(EXERCISE INPUTS begins)

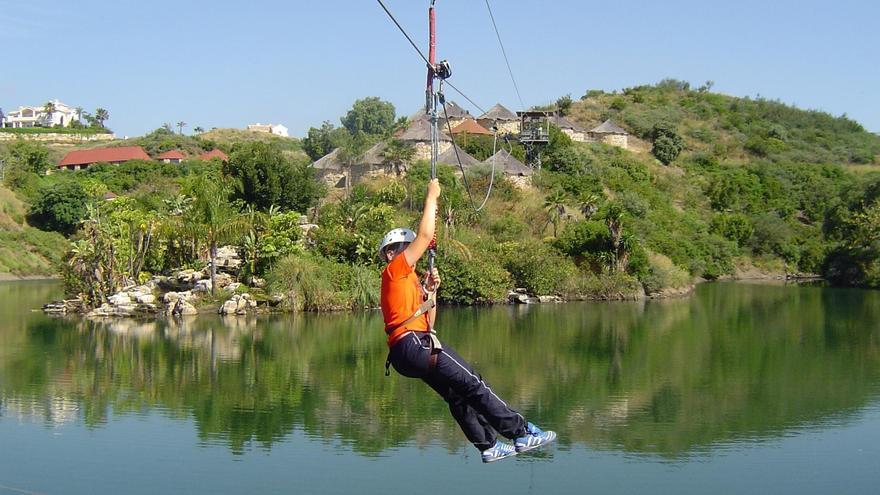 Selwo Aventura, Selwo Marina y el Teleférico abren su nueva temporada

(EXERCISE INPUTS ends)
(EXERCISE INPUTS begins)

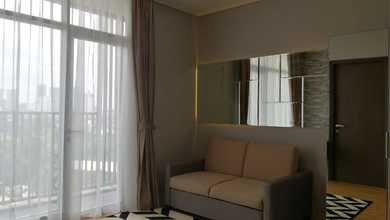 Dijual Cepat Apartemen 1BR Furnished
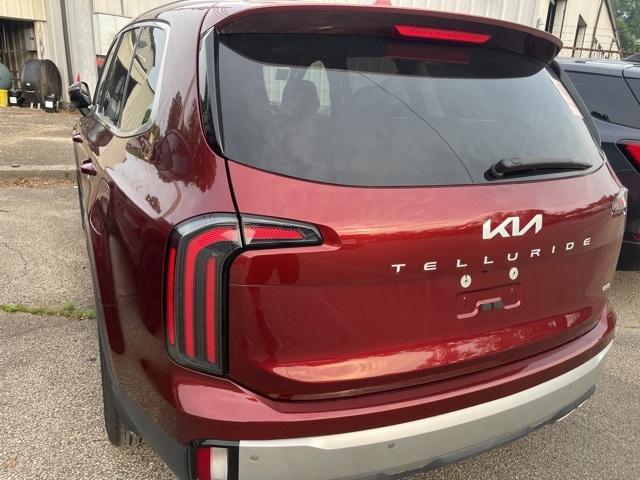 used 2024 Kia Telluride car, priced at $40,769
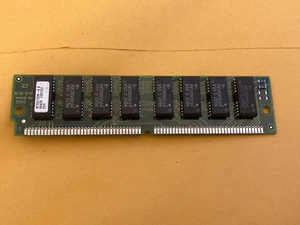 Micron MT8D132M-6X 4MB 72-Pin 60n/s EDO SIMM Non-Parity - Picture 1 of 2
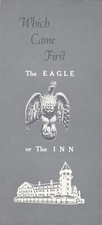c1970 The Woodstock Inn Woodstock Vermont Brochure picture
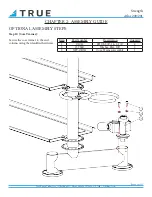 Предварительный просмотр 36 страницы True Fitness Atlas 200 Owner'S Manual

(EXERCISE INPUTS ends)

From the line containing "Dijual Cepat Apartemen 1BR Furnished" through the line containing "Предварительный просмотр 36", copy every line above exactly, without pictures.

**ANSWER AREA:**
 Dijual Cepat Apartemen 1BR Furnished
 used 2024 Kia Telluride car, priced at $40,769
 Micron MT8D132M-6X 4MB 72-Pin 60n/s EDO SIMM Non-Parity - Picture 1 of 2
c1970 The Woodstock Inn Woodstock Vermont Brochure picture
 Предварительный просмотр 36 страницы True Fitness Atlas 200 Owner'S Manual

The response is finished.